Graduating Social Work Student, Given a ''Hand Up,'' Becomes Guiding Force for Others

Graduating Social Work Student, Given a ''Hand Up,'' Becomes Guiding Force for Others

Rutgers-Camden senior Melissa Velez organized student service trip to Puerto Rico

Melissa Velez credits Rutgers–Camden mentors for pushing her to her limits.

“Anyone who is going through something can use a hand up to get back on their feet. It’s about showing people that you care, that they aren’t alone.”
 
– Melissa Velez
 

When Melissa Velez seemed to have lost all direction, there was someone to step in and convince her that her life was worth turning around.

Velez had grown up in Vineland in a house with parents who battled addiction and left her and her brother to mostly fend for themselves. After leaving high school during her sophomore year, she failed the GED repeatedly. But at 18 she decided to return to school, where a guidance counselor convinced her that she could have a bright future if she would believe in herself.
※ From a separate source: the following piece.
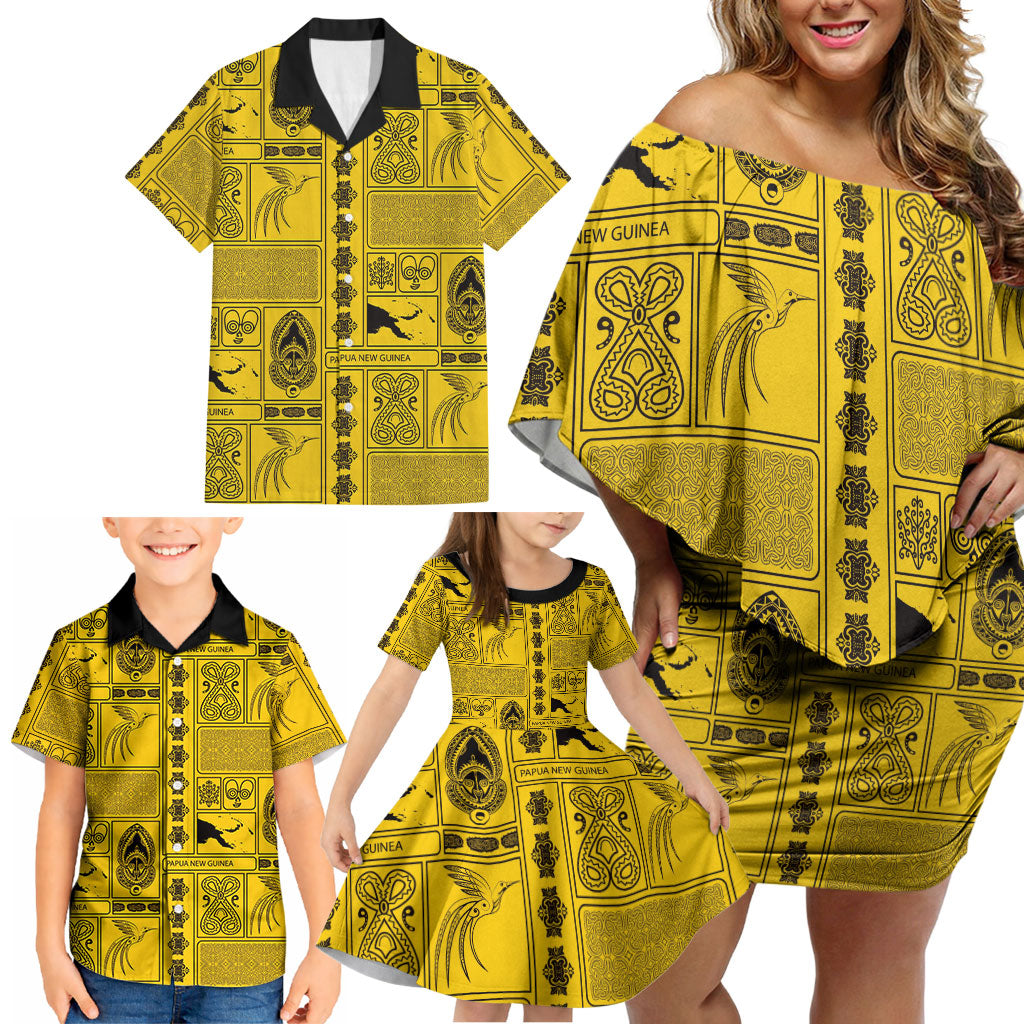 Papua New Guinea Heritage Motif Family Matching Off Shoulder Short Dress and Hawaiian Shirt Yellow Version LT05 - Polynesian Pride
It’s advice she carried with her, through Cumberland County College and as a student majoring in social work at Rutgers University-Camden, where she has found support while also working to help others – including organizing a service trip to Puerto Rico to assist with Hurricane Maria relief efforts.

“Anyone who is going through something can use a hand up to get back on their feet,” she says. “It’s about showing people that you care, that they aren’t alone.”

Living in the dorms at Rutgers-Camden, Velez had a stable home environment for the first time in her life and became involved in the social and academic opportunities she found outside her door.

“I learned to come out of my shell and get involved,” she says.

In her social work classes, Velez learned about policy issues related to her field and served in an internship with the New Jersey Department of Children and Families’ Child Protection and Permanency. Working out of the agency’s Camden South office in Voorhees, Velez shadowed case workers tasked with recognizing signs of abuse and neglect and, if need be, removing the child from the home.

“It was hard because I remember that experience,” she says. “The internship reminded me that you have to have a big heart for this type of work.”

Velez received support through the Educational Opportunity Fund and TRiO Student Support Services, dedicated to supporting low-income and first-generation students. She was soon returning the favor serving as a peer mentor for undergraduates in the Center for Learning and Student Success.

“I was helping students who are just like I was,” she says. “I wanted to be there for anything they needed.”

Her work didn’t end there. From people such as Ana Rodriguez, assistant director of TRiO, says Velez, she learned to never stop challenging herself.

“They pushed me to my limits,” she says. “I was amazed at what I could do.”

Such was the case when Velez approached Rodriguez about planning the service trip to Puerto Rico. Velez worked with other students to raise more than $4,500 to sponsor the flight, lodging and ground transportation, as well as $1,000 for a donation to students from the University of Puerto Rico who lost items in the storm.

During the trip, organized as an alternative spring break, the Rutgers–Camden students spent two days painting a church that was affected by Hurricane Maria. They also visited the University of Puerto Rico, where they delivered letters and their donation, and made a stop at the Centro para Puerto Rico, a community resource center that provides direct support to communities affected by the storm.

Velez now hopes that the trip will become an annual tradition at Rutgers-Camden.

Upon graduating, the Camden resident plans to earn her master’s degree, in the hopes of one day serving as a guidance counselor or advisor on the high school or college level.

Whatever she does, she is aware that she has the power to make a difference in people’s lives.

“It’s all about helping people realize that they are better than they think they are,” she says. “You can overcome your difficulties, and be a testimony to others who are going through them.”